Юрий Никитич напряг память: да, было. Чудное дело, кто мы такие, чтобы нас — и на телевидение?

— Ас чего бы это?

— Да я думаю, — тихо сказала Дмитревна, — по поводу того, давнего… — Недоговорила, и так понятно.

Помолчали.

— И что за канал?..

Пришлось помаленьку собираться.

— В первый раз нас отпустили. — Юрий Никитич говорил медленно, с трудом подбирал слова. — Суда не было, мы каялись перед следователем, обещали, что второго повода не дадим.

Не то, не то… Слова звучали сухо, фальшиво.

— Что сталось дальше? Расскажите, пожалуйста. — Ведущий лучезарно улыбнулся — и супругам, и камере. Юнец лет двадцати пяти, тёмные волосы прилизаны, зубы сверкают.

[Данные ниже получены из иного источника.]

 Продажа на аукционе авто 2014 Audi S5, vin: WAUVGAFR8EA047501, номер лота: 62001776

— Мы вернулись в нашу квартирку. Но без ЭТОГО не могли, понимаете. ЭТО оказалось больше, чем жизнь. — Юрий чувствовал стыд, словно бы об интимном говорил перед зрителями. Словно об их с Дмитревной любви. Но это же и была любовь… часть любви, разве нет? Чёрт, как всё глупо, когда со слуха, как ненужно…

Он вспоминал, Дмитревна дополняла.

Их взяли опять, хотя теперь они стали куда осторожней — не зашторивали окна при солнечном свете, творили только ночью, стараясь, чтоб без шума, без грохота. Но всё равно кто-то вычислил и донёс — из соседей, наверное. А может, слежка была.

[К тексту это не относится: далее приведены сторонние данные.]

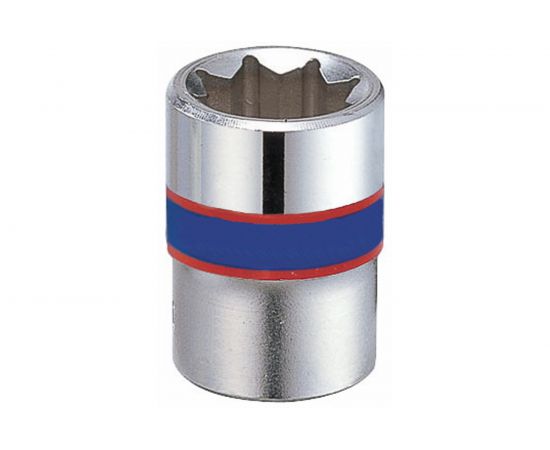 Головка торцевая восьмигранная (10 мм; 1/4"") KING TONY 231010M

Долгие годы лагерей. Потом ссылка, и уже в ссылке — встреча. Ольга плакала, неумело скрывала отчуждённость: изменился, не узнать. Не скоро свыклась. (Об этом, понятно, Юрий камере не сказал, лишь о слезах радости после разлуки… о тяжкой работе и нищете, о возвращении в столицу много лет спустя.)